Leisure centre in Kirkwall, Orkney, Scotland

The Pickaquoy Centre, also known as the Picky Centre, or simply the Picky, is a multi-use leisure centre in Kirkwall, Orkney, Scotland. It is the largest leisure centre in the Northern Isles.

==Facilities==
===Sports===

The Pickaquoy Centre has two swimming pools; a full-length Olympic size pool and a leisure pool. It has four gyms, an AstroTurf All Weather Pitch, and a 1,600-capacity sports arena with bleacher seating that can be condensed and used as a large indoor sports hall. The football pitches host Orkney F.C. of the North Caledonian Football League and also the Orkney official football team. It also has numerous meeting rooms, health spa, gym, indoor and outdoor children's play areas, a café and bar.
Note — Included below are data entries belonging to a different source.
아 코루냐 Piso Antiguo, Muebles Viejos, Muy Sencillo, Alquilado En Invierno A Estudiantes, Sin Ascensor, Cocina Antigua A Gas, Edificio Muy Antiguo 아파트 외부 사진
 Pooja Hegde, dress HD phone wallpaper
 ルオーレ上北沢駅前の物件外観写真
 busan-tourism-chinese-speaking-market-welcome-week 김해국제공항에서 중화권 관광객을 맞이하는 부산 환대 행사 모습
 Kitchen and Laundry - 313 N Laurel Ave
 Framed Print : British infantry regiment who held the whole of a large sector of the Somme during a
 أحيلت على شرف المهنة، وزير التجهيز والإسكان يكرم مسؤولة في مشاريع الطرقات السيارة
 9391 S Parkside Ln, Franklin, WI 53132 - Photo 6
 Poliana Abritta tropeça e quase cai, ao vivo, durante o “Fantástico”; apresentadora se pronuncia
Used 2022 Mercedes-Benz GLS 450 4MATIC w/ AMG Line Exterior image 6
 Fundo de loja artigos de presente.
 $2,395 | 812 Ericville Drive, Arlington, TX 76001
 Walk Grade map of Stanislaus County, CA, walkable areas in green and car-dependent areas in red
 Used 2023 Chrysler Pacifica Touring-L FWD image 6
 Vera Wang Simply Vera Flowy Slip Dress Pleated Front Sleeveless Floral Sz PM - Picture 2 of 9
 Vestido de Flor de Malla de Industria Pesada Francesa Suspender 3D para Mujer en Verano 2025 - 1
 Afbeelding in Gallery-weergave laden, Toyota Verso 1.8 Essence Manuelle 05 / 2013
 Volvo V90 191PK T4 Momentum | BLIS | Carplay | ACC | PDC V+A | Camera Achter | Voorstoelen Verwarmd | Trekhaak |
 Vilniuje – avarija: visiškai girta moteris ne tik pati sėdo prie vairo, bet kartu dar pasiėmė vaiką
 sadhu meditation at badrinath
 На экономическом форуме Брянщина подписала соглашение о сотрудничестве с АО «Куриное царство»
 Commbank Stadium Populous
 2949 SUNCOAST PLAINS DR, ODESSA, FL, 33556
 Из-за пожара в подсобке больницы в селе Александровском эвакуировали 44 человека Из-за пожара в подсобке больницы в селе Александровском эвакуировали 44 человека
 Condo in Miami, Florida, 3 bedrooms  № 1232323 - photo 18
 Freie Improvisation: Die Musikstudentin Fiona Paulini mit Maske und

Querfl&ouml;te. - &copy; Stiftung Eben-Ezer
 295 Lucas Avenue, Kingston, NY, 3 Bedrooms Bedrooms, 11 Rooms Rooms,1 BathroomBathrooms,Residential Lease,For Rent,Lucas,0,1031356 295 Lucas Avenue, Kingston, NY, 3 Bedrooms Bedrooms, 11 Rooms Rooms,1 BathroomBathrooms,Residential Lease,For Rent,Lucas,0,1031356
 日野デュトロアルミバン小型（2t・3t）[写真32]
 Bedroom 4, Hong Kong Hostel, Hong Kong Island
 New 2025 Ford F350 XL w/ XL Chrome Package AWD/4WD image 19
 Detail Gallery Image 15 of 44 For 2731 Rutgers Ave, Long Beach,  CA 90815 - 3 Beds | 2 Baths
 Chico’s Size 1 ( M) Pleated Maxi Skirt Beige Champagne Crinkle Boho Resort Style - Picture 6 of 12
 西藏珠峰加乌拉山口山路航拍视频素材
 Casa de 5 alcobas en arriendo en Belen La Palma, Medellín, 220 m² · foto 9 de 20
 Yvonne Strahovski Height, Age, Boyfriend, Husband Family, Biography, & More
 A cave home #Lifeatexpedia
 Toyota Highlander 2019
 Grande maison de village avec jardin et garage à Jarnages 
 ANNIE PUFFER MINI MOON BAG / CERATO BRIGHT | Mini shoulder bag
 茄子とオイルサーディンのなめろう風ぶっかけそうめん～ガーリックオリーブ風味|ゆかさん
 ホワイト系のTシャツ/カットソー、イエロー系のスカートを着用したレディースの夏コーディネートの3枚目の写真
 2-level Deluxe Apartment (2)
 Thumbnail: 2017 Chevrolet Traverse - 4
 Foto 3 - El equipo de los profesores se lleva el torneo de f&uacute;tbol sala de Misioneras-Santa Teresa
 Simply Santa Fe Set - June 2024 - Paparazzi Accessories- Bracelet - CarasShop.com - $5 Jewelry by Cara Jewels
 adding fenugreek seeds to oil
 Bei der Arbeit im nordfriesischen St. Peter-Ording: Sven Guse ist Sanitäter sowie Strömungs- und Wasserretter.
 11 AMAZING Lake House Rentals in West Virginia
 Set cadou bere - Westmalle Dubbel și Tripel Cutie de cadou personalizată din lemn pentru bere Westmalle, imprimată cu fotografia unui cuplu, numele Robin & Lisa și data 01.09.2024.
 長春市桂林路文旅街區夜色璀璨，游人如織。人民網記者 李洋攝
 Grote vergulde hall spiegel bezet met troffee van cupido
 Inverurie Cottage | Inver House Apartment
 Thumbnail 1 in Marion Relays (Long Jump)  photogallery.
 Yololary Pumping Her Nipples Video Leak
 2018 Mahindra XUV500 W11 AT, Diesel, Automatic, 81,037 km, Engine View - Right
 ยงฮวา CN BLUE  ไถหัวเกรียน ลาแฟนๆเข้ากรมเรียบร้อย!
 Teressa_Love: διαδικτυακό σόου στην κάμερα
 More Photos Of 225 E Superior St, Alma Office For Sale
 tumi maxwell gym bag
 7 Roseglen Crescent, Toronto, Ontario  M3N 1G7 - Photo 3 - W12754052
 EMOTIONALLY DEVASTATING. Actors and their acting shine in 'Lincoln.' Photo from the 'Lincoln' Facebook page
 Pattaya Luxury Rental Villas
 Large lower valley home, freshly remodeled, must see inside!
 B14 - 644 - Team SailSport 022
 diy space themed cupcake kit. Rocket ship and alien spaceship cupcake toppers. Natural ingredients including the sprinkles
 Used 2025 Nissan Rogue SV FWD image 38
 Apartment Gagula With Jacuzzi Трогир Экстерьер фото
Outside, there is an All Weather Pitch, used for football and hockey, several grass pitches used for football and rugby and an athletics track. The centre also has a campsite within its grounds. The leisure facility also has three squash courts indoors.

===Other facilities===
The Pickaquoy Centre is home to the New Phoenix Cinema, which seats 247 people, as well as a children's play park, and an indoor soft play area known as Jungle World. The Picky Cafe and Arena Bar is situated in the middle of the Pickaquoy Centre. The leisure complex also houses several public meeting rooms throughout the building. The Orkney Campsite is sited on the grounds of the Pickaquoy Centre.

==History==
The Pickaquoy Centre opened for public use in late 1998, but was only officially opened on 16 April 1999, by HRH The Princess Royal. In 2012, construction began on an extension for the centre, adding the two swimming pools, the three squash courts, and another gym. This was officially opened again by HRH The Princess Royal in 2013.